A foreman who oversees dock workers at Georgia’s busy shipping terminal for automobiles said Tuesday he saw no problems as hundreds of cars and trucks were loaded onto the cargo ship Golden Ray shortly before the vessel overturned after leaving port a year ago.
The U.S. Coast Guard and National Transportation Safety Board are holding public hearings this week as they investigate what caused the South Korean vessel to capsize with 4,200 vehicles in its cargo decks after it departed the Port of Brunswick on Sept. 8, 2019.
All crew members on board were rescued safely. The ship and its cargo remain partly submerged in St. Simons Sound, waiting to be sawed into large chunks to be removed by barge.
Steve Farley, a foreman who oversaw the stevedore crew tasked with unloaded and loading the Golden Ray before its final voyage, told investigators Tuesday the workers rolled 280 vehicles off the ship the day before it departed and loaded 360 cars and trucks onto it.
The vehicles were lashed down in rows inside the cargo hold, with straps across each one’s front and back ends, The Brunswick News reported. Asked if anyone noticed the vehicle listing to one side, Farley said there was no indication of any imbalance.
“I didn’t notice any listing,” Farley said. “Nothing out of the ordinary. I’ve seen ships list a lot and we’ll stop working if that happens.”
Tuesday marked the second day of testimony in hearings that are scheduled to continue into next week. The Coast Guard has not said during the proceedings why it suspects the ship overturned.
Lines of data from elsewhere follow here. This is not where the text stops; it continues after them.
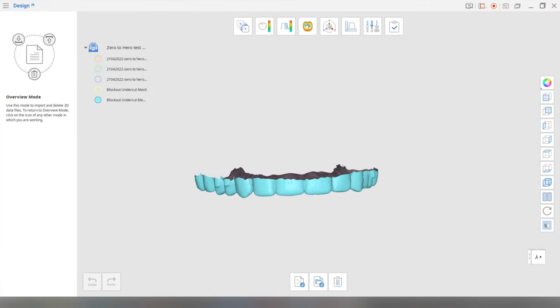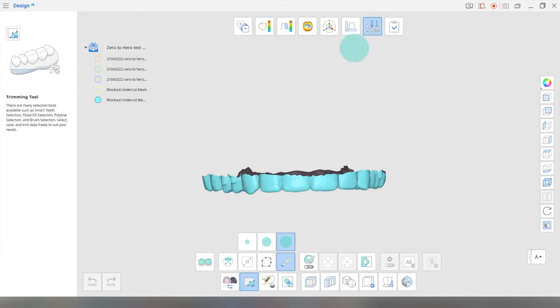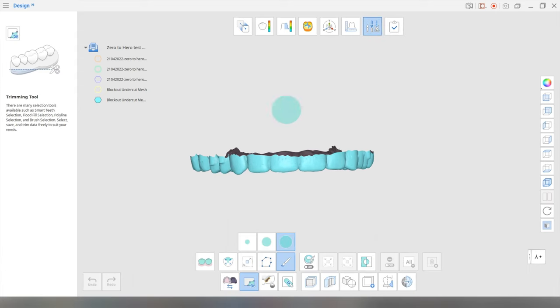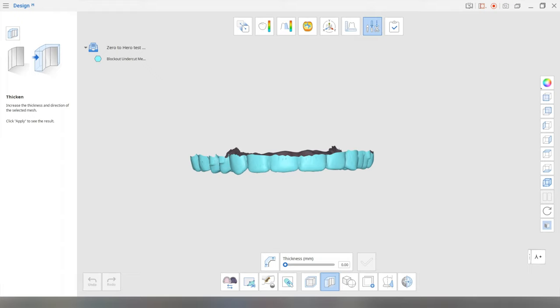So you need to add some thickness to your splint, don't you? So the next step is, once again, you're going to go back to edit mode. And now we have to go to this thicken menu, click this little shell that you've created confirm. And I usually would start off with, let's say 2.5.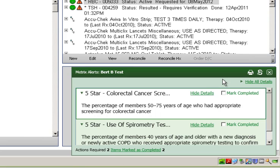Based on the alert that BERT test is due for colorectal cancer screening, I can simply access my EMR's lab ordering module to execute the appropriate test, or take whatever action is needed within my clinical workflow to address the required action.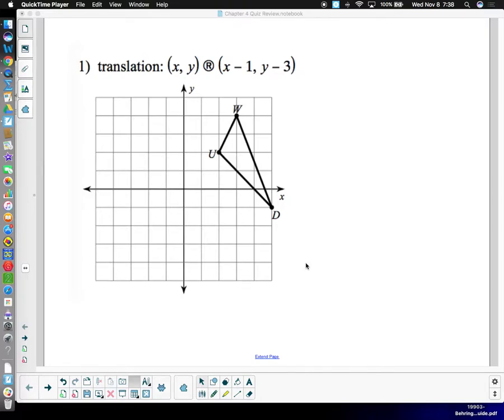We have a quiz tomorrow and we're reviewing our transformations, which are translation, rotation, and reflection. We're going to go over the review and make sure you understand how to do all three types of problems.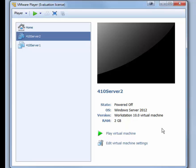And 410Server2 is ready to be installed with Windows Server 2012. You will be installing Windows Server 2012 on 410Server2 in the hands-on activities of Chapter 2. You will also be doing the after installation tasks, such as setting the computer name, the IP address, and so forth. This concludes this demonstration of setting up 410Server2.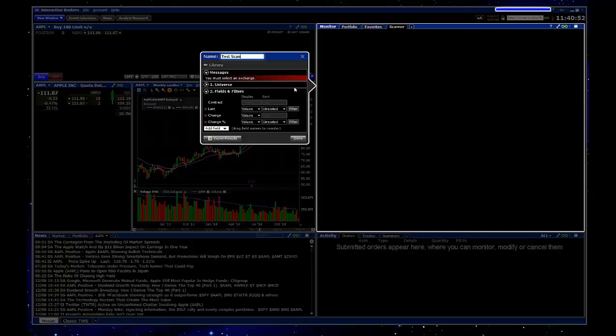And once you're done, just click done and then you'll have that custom scanner there. So anyway, I hope that helps.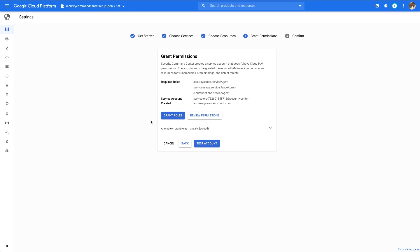Finally, you'll need to grant the Security Command Center Service Account the appropriate permissions to monitor your resources for misconfigurations and vulnerabilities.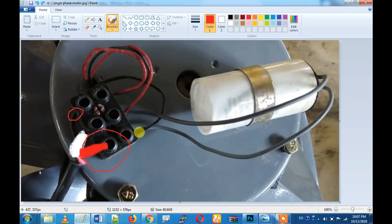If you use the auxiliary winding in the forward direction, you can use the main winding. If you like this video, please like, share, and subscribe. Ok, bye bye.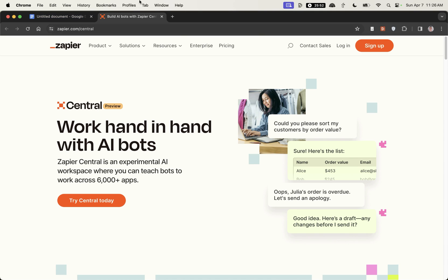So today what we're going to be doing is building out our own AI SEO agents that can help us automate a lot of tasks and we can do this with no code at all.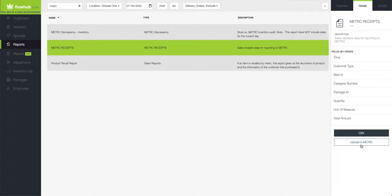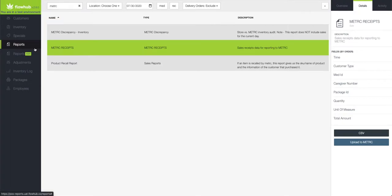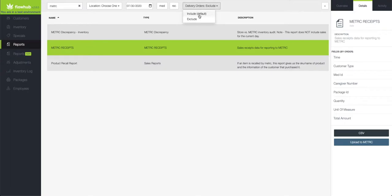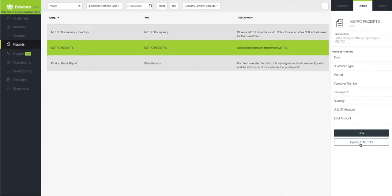To recap, we came into FlowHub Classic, we selected reports, we then selected our Metric receipts. At the top of the page, we filtered to exclude our delivery sales and then came over to the right and uploaded to Metric.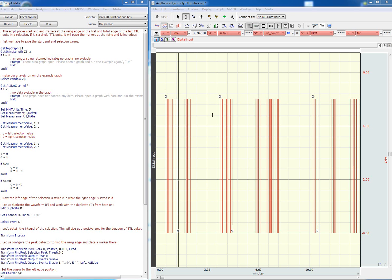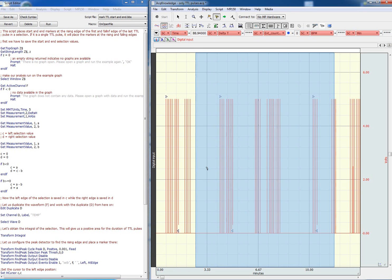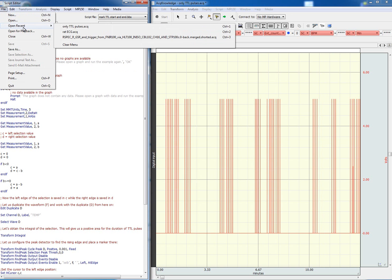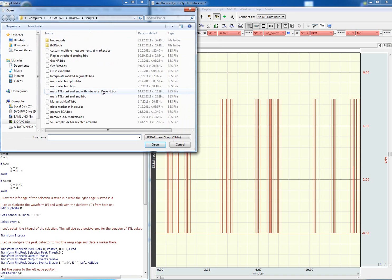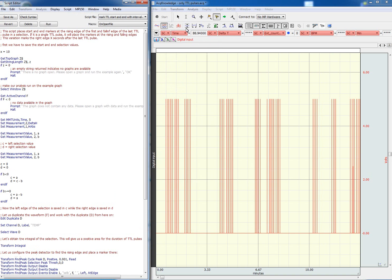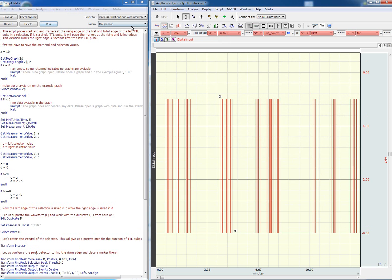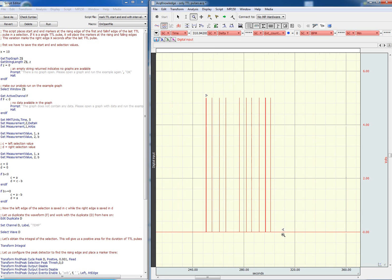Let's go ahead and demonstrate it as well. First we go ahead and delete the markers and load up the other script. Now we just select an interval again, hit run, and if we zoom in we'll see that the end marker is placed a few seconds after the last TTL signal.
On Monday, investigators played audio from the vessel’s black box in which sailors could be heard shouting above blaring alarms and other loud noises as the Golden Ray leaned to its starboard side and ultimately capsized over the course of several minutes.
It could take another year before investigators publish a report of their findings, with recommendations aimed at improving safety.
Separate from the investigation, a multiagency command has spent the past year making plans to carve the ship into eight giant chunks to be hauled away by barges. Officials hope to begin the first cut sometime in October.